François Roux ou la passion de la défense

C’est à Solpérières, un lieu magique entre Méjean et Vallée française, que François Roux vient de « poser ses valises » avec sa femme Evelyne, après des années à parcourir le monde pour faire valoir les droits de la Défense. Le choix peut surprendre. Ce n’est pourtant pas un repli. Ils retrouvent dans leurs montagnes cévenoles des amis qu’ils n’ont jamais quittés et les projets pour remplir leur vie nouvelle ne manquent pas. Ils en ont plein les yeux et plein le coeur. Evelyne qui était autrefois bergère sur le Larzac veut créer un éco-jardin, cultiver des herbes, des fruits, des plantes oubliées, accueillir du monde, vendre sa production délicate et faire ainsi la démonstration qu’il n’est pas utopique de développer dans ces montagnes austères un projet agricole original, alternatif et économiquement viable. Elle est par ailleurs complètement associée et impliquée dans les préoccupations de François qui lui, ne lâche rien de sa passion pour la justice et pour les Droits de l’Homme. Ils viennent de créer un événement totalement improbable pour un si petit  hameau de Lozère. Le 20 octobre dernier, ils ont inauguré un parcours Stéphane Hessel pour les Droits de l’Homme.

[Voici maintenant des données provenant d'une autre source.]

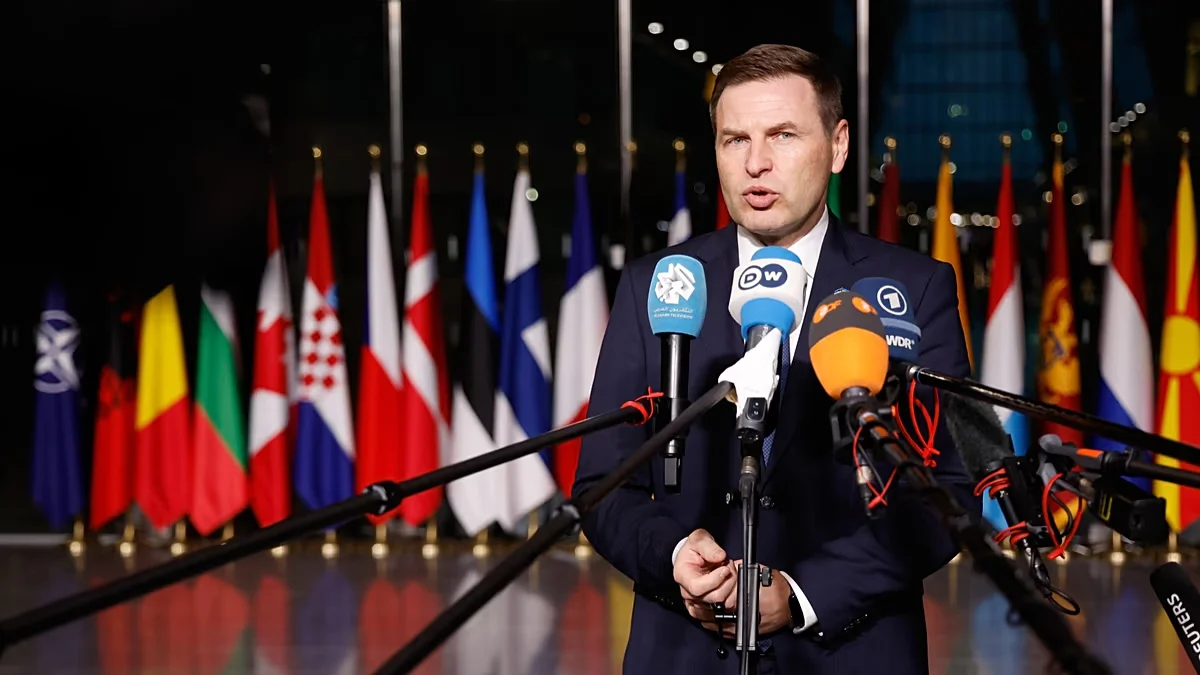 Estonia’s defence minister resigns after €70m EU-funded shell deal for Ukraine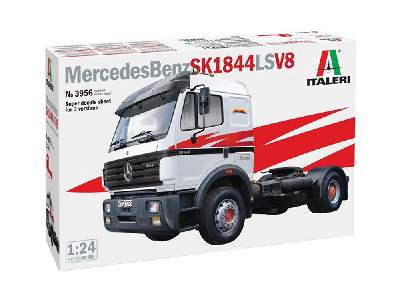 Mercedes Benz SK 1844 LS V8 - image 2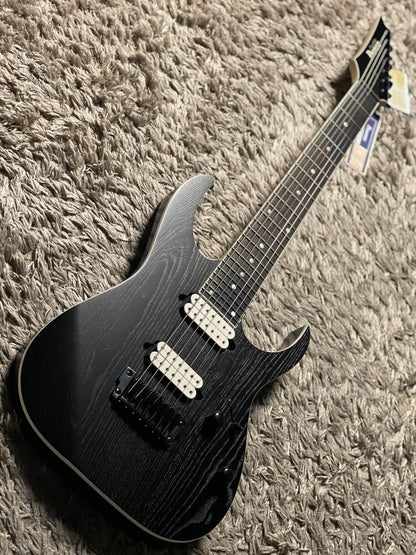 Ibanez Prestige RGR752AHBF in Weathered Black F2409724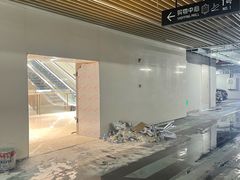 停车场入商场口-东莞松山湖万象汇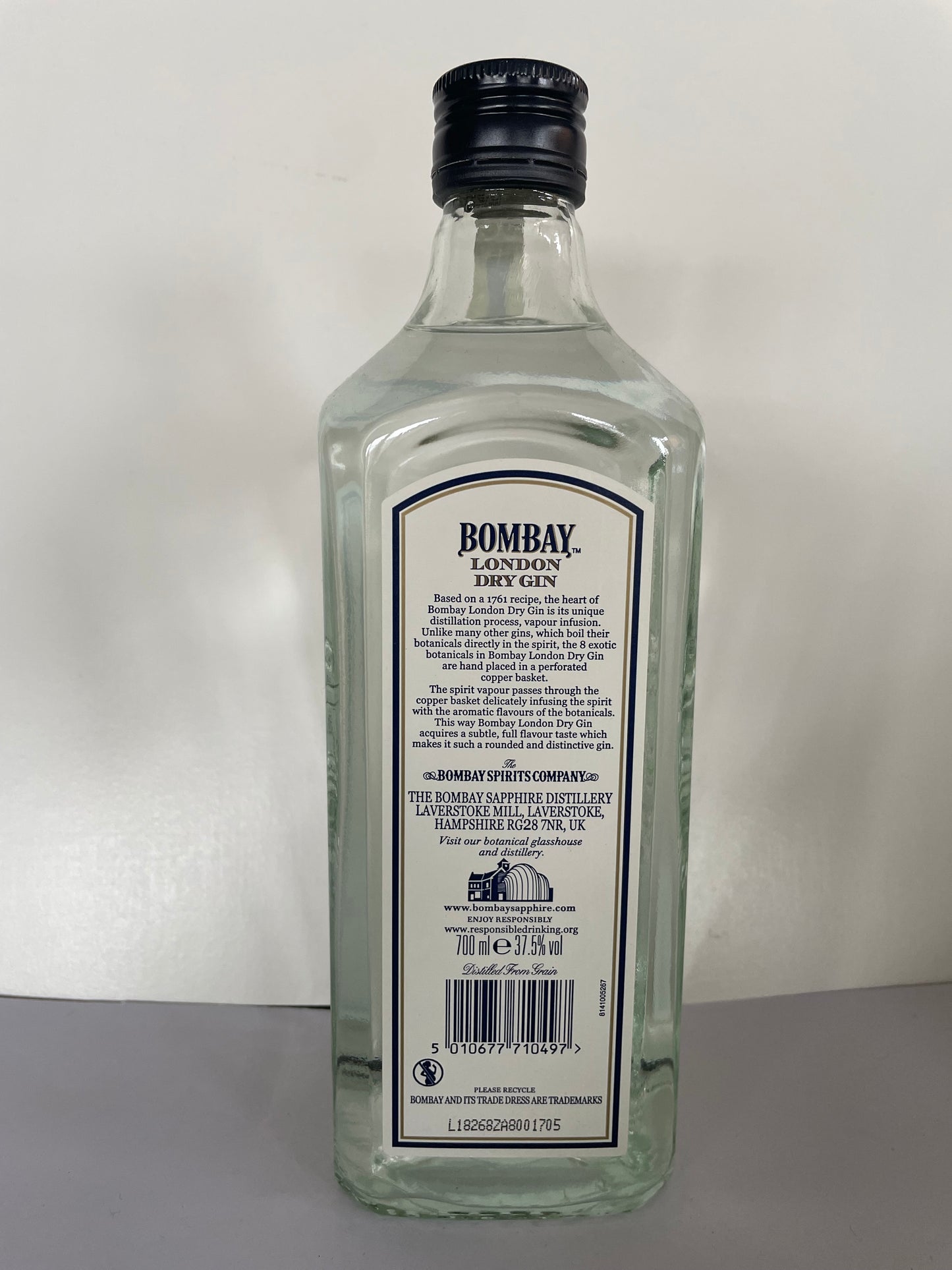 Bombay London Dry Gin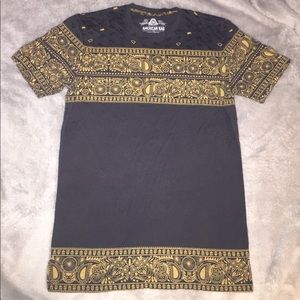 American rag paisley t shirt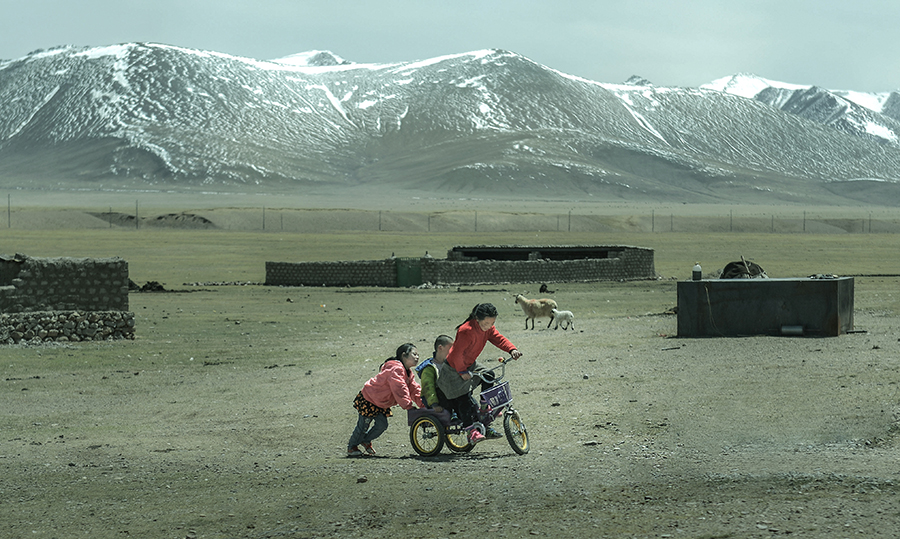 第二届中国西藏网络影像节丨图片类优秀奖：快乐童年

Ils ont réhabilité un chemin de chèvres que les enfants de Solpérières prenaient autrefois pour se rendre à l’école de Vébron et ils en ont fait un sentier des Droits de l’Homme. Six panneaux de bois jalonnent le sentier. Chacun d’entre eux rappelle l’un des six articles majeurs de la déclaration des Droits de l’Homme. Des amis nombreux sont venus à Solpérières pour inaugurer le parcours Stéphane Hessel et entourer Christiane Hessel, son épouse. Edgar Morin, malgré ses 98 ans, n’avait pas craint de faire le déplacement. Il y retrouvait José Bové venu du Larzac voisin et Leïla Shadid, ambassadrice de Palestine. Le maire de Vébron dont dépend Solpérières, était très heureux de pouvoir accueillir sur sa commune un événement pareil.

L’homme au centre du procès

Avant d’arriver à Solpérières en juillet dernier, François Roux était pendant 8 années le chef de la Défense au Tribunal spécial des Nations Unis pour le Liban. Un poste à très haute responsabilité dans une institution complètement obnubilée par la lutte contre l’impunité et du coup pas du tout encline à laisser sa place à la Défense. Une des raisons de la création de la justice internationale, c’est la lutte contre l’impunité. Les juges sont totalement imprégnés par ce mandat. Ils se sont glissés dans cette idée qu’il fallait, à n’importe quel prix, qu’ils luttent contre l’impunité.

« Je n’ai cessé de rappeler aux juges à La Haye, dit François Roux, qu’un procès, ce n’est pas la lutte contre l’impunité. Le seul dans le procès qui est là pour lutter contre l’impunité, c’est le procureur. Le procès, c’est le lieu où vous allez entendre le procureur, vous allez entendre la Défense et après, vous rendrez la justice. Et si vous rendez la justice convenablement, alors vous aurez participé à la lutte contre l’impunité« .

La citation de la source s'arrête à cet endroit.